目的1.マンションの浴室を高級感をキープしてリフォームしたい時
- 今のお風呂の高級感をキープしてリフォームしたい
- 今の状態からもっと高級感を出したい
そういった目的をお持ちの方は工法よりも、まず予算をどれだけ掛けられるかが重要になるでしょう。実のところリフォームは費用を出せるなら、いくらでも上を目指すことが可能だからです。
目的1-1.特に気にしておきたい注意点
- ①マンションの管理規約
- ③浴室の梁(はり)や柱
目的1-2.高級感が目的|予算別のオススメ工法
完全オーダーメイド(在来工法・オーダーメイドユニットバス)
費用:高(数百万円)
得られるお風呂:ガラス張り、タイル張りなどの解放感溢れるお風呂など
※ただし注意点にもある通り、自由に浴室をリフォームできる必要がある
高グレードのユニットバス
費用:中(数十万円~数百万円)
得られるお風呂の例:キレイでスッキリとした浴室
※費用は既製品の場合。オーダーメイドユニットバスの場合はさらに費用が掛かるケースあり
パネル工法・シート貼り
費用:少(数万~数十万円)
得られるお風呂の例:壁の1面を木目調のパネルを貼り付けてアクセントにする
目的2.費用を抑えてマンションのお風呂リフォームをしたい時
- 賃貸用・売却用のマンションなので次の入居者を迎えるために、とりあえず費用を抑えて綺麗にしておきたい
- 浴室をキレイにしたいが、ユニットバス入替や通常の在来工法では予算が合わない
上のように、費用を抑えたい、しかし有効なお風呂リフォームをしたいという2つが目的の方は実は多いです。昔は選択肢が少なく、とりあえず業者の判断に任せるしかありませんでしたが、今は様々な工法が出てきています。
目的2-1.特に気にしておきたい注意点
- ①マンションの管理規約
目的2-2.費用を抑えてリフォームしたい時のオススメ工法
- 浴室塗装
- パネル工法
- ダイノックシート
- 浴室床シート
- 浴室ドアのカバー工法
これらは費用を抑えたい時に有効な工法です。お風呂リフォームは現在ユニットバスでのリフォームが主流。これらの工法はマイナーですので、プロのリフォーム屋さんでも実は知らない方が多いです。それぞれの詳細は説明が長くなりますので、気になる方は別記事をご参考にしてみてください。参考:入替せずにマンション寿命を延ばす風呂リフォーム奥の手6つ
また、お風呂リフォームの費用を絞りに絞る|プロが教える対策7つも参考になるはずです。合わせてお読みください。

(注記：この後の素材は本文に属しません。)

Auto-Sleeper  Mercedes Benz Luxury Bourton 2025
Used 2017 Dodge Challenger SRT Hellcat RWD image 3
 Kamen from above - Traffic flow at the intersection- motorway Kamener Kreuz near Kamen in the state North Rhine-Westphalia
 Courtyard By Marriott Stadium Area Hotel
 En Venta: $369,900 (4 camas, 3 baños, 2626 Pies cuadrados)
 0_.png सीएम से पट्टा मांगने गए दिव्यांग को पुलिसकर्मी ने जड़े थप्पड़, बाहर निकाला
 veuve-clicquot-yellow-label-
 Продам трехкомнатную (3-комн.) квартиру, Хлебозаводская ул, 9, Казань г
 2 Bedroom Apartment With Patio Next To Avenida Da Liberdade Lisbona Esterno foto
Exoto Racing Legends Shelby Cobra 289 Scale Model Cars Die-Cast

目的3.マンションの在来浴室をユニットバスに変更したい時
在来浴室が使われている古いマンションもまだまだ残っています。そんな在来浴室をユニットバスに変更するリフォームがしたい場合。これはもちろん、ユニットバスを使ったリフォームをそのまま選択することとなるでしょう。
しかし在来浴室をユニットバスへ変更する時には、ユニットバスを入れ替えるよりも費用が高額になりがちです。もしその時に予算が合わなければ、別の工法を選ぶと良いでしょう。
目的3-1.特に気にしておきたい注意点
- ①マンションの管理規約
- ②マンションの部屋の階数|エレベーターはついているか
- ③浴室の梁(はり)や柱
- ④今の浴室の種類|広さ
- ⑤マンションの築年数はどのくらいか|排水管の損傷具合
目的3-2.マンションの在来浴室をリフォームしたい時のオススメ工法
予算が合うならユニットバスリフォーム
ユニットバスに変更するリフォームができるのであれば、それに越したことはありません。この記事の冒頭でお話ししました通り、ユニットバスは防水性が高く、マンションには最適だからです。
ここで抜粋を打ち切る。